Given material:
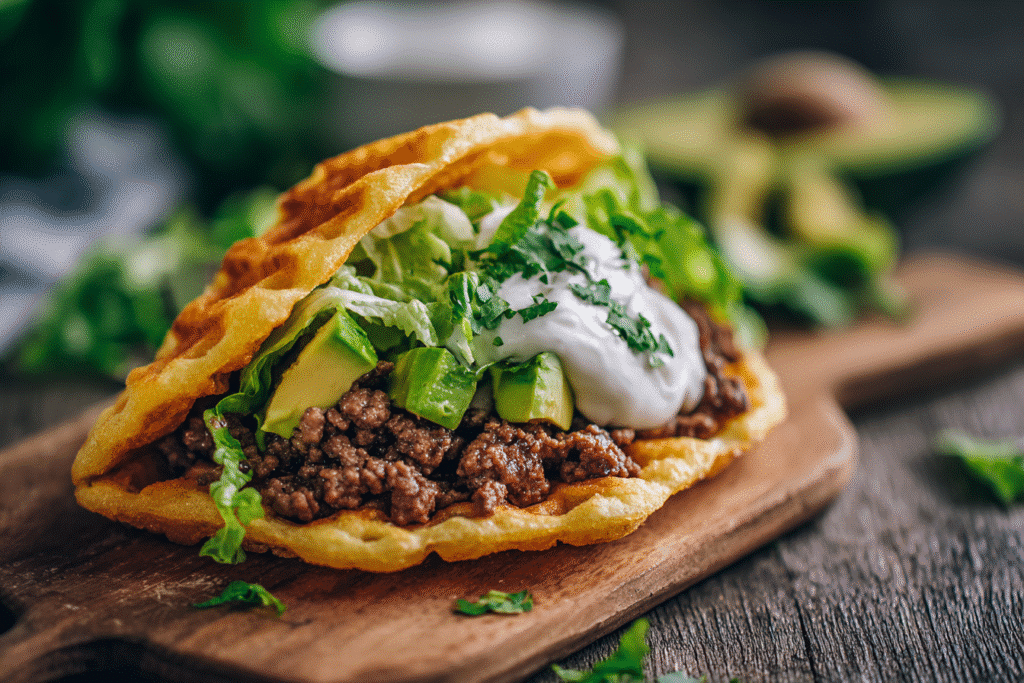 Keto Chaffle Tacos: Crispy, Low-Carb Shells That Hit the Spot 5 Keto chaffle taco with beef and toppings
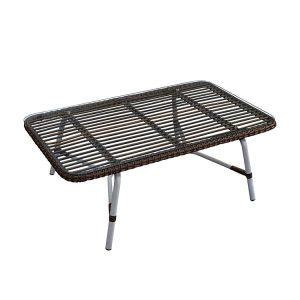 Bàn trà sân vườn khung sắt, mặt dây nhựa giả mây nâu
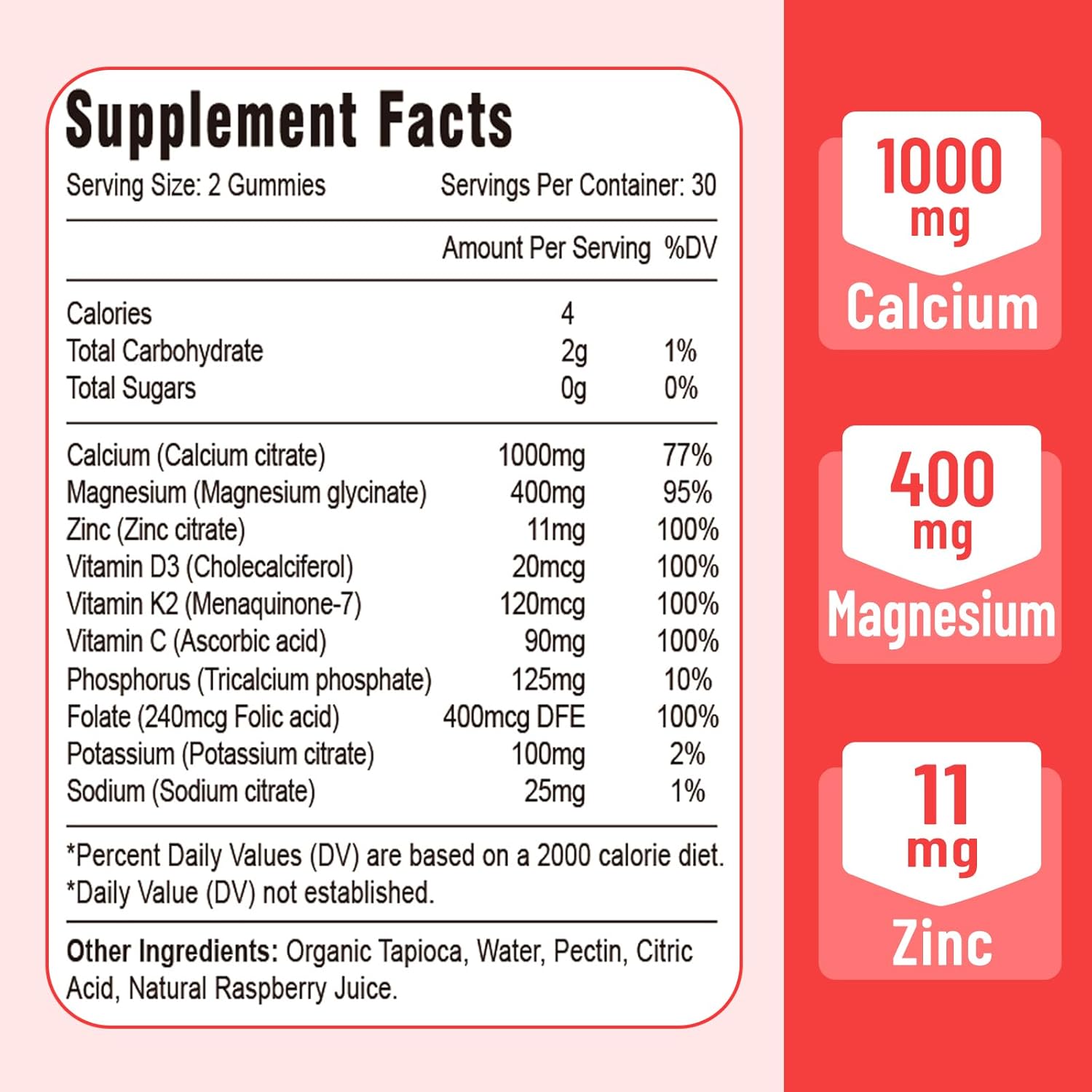 Raspberry Flavored Calcium Magnesium Zinc Gummies with Vitamin D3 & K2 for Immune Support - 120 Gummies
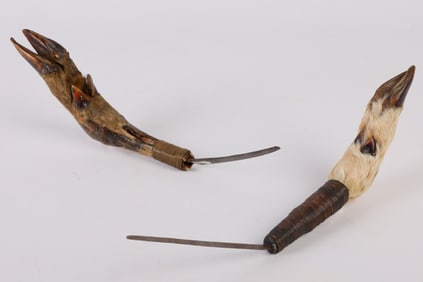 (2) Crooked Knives with Deer Hoof Handles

Work instructions: Set down the whole listing exactly as given, except for the pictures.

Output of the task:
 Keto Chaffle Tacos: Crispy, Low-Carb Shells That Hit the Spot 5 Keto chaffle taco with beef and toppings
 Bàn trà sân vườn khung sắt, mặt dây nhựa giả mây nâu
 Raspberry Flavored Calcium Magnesium Zinc Gummies with Vitamin D3 & K2 for Immune Support - 120 Gummies
 (2) Crooked Knives with Deer Hoof Handles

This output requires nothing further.